I gave a talk on E4X. In a Just and Decent world, I wouldn’t have to write a blog entry on this, because there would be a nice front page to jerakeen.org that listed all the recent things I’ve done, with the option to subscribe to RSS (or whatever) feeds of various subsets. But I’ve been too lazy to write this so far, so I’ll just link to it here until I get django to do what I want.

E4X is a lovely extension to JS (well, compared to messing with the DOM, and it’s in core, so embedded users get it too), despite its crazy inconsistent syntax and annoying brokeness in Firefox. Fortunately, I don’t have to care about web browser-based JS implementations, so I get to use it, and you don’t..

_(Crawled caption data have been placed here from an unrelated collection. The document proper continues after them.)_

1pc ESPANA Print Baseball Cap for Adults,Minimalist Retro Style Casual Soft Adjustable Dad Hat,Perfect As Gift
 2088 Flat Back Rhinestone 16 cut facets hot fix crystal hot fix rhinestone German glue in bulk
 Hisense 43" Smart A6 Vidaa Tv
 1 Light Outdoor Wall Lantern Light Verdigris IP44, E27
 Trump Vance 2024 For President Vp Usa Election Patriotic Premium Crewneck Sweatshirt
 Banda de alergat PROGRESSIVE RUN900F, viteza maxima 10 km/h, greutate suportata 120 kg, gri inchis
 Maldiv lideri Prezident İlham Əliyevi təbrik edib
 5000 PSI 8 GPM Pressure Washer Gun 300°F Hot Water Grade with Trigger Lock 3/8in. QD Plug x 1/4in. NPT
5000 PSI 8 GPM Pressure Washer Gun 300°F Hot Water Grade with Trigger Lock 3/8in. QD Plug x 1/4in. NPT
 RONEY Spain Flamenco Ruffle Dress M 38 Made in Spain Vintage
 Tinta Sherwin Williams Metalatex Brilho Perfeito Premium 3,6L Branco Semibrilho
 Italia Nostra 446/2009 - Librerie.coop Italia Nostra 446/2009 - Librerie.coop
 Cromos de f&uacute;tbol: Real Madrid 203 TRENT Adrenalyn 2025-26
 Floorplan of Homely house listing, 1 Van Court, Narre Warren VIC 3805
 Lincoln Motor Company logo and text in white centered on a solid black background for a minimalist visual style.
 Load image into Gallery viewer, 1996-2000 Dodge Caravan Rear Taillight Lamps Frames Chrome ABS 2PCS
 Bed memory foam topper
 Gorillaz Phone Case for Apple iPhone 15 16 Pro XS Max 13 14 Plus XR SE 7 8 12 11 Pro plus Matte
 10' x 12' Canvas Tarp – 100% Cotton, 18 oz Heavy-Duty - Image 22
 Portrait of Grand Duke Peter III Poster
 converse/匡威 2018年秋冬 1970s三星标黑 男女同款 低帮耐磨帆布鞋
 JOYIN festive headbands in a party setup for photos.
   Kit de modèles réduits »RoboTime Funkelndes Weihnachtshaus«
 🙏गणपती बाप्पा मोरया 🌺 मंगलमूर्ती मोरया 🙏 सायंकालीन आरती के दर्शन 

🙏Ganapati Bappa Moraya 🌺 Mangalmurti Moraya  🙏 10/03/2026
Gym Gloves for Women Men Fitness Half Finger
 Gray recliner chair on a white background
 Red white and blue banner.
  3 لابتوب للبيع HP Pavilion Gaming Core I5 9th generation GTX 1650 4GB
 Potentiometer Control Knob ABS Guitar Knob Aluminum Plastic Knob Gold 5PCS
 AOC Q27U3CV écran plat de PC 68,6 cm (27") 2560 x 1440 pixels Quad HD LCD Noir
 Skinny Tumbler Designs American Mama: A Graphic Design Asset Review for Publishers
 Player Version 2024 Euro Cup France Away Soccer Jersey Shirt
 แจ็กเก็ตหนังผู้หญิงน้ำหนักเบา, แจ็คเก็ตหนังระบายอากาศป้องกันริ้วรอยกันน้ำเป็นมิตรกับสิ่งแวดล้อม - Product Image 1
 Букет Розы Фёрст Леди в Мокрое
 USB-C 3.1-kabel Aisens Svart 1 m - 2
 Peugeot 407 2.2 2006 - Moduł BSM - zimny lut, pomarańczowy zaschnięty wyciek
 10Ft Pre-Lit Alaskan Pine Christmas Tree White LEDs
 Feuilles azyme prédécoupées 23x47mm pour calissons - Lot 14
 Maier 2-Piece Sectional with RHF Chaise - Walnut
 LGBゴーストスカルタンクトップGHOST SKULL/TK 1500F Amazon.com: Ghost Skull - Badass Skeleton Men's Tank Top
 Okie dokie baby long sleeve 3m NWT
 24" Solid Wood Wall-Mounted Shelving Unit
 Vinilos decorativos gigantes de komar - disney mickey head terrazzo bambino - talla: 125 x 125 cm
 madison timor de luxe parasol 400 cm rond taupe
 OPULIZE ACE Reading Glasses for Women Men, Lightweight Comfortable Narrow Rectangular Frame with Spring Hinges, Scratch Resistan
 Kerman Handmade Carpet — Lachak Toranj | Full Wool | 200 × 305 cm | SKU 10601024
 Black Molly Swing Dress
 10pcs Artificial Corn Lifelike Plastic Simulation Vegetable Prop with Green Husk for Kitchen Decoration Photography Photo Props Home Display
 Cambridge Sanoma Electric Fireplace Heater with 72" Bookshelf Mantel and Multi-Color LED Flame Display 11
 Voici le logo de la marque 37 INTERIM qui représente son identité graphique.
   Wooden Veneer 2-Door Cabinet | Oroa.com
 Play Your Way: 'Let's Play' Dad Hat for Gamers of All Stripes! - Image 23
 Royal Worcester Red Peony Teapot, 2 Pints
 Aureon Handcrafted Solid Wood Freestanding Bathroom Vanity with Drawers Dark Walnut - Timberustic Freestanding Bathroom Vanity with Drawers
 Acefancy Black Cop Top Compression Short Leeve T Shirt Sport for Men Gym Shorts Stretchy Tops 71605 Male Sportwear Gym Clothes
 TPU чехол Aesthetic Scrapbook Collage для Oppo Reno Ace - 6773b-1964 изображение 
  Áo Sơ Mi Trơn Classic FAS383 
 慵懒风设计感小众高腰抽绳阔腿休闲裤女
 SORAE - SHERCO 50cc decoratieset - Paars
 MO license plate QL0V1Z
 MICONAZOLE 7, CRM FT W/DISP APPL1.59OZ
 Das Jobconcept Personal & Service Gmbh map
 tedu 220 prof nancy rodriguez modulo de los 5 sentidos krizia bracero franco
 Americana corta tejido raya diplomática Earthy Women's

Having played around with the JavaScript string type some more, I think I understand why it acts as it does. I’m a Perl monkey normally, so I’m not used to the concept of immutable strings, but JavaScript strings are immutable. Playing with the === operator (approximately, ‘is this the same object’) gives:

js> "a" === "a";
true
js> "a" + "b" === "ab";
true
js> "ab".replace(/./, "c") === "cb";
true

but

js> new String("a") === new String("a");
false

If strings were to magically upgrade themselves to objects, they’d change behaviour - previously equivalent strings would suddenly not be equivalent. Likewise, suppose this worked:

var a = "string";
var b = "string";
a === b; # true
a.foo = 1;

Shoud a still be equivalent to b? If not, a clearly isn’t immutable, as we’ve changed it. But if it is, then we’ve chanaged b at a distance - it’s grown a foo attribute.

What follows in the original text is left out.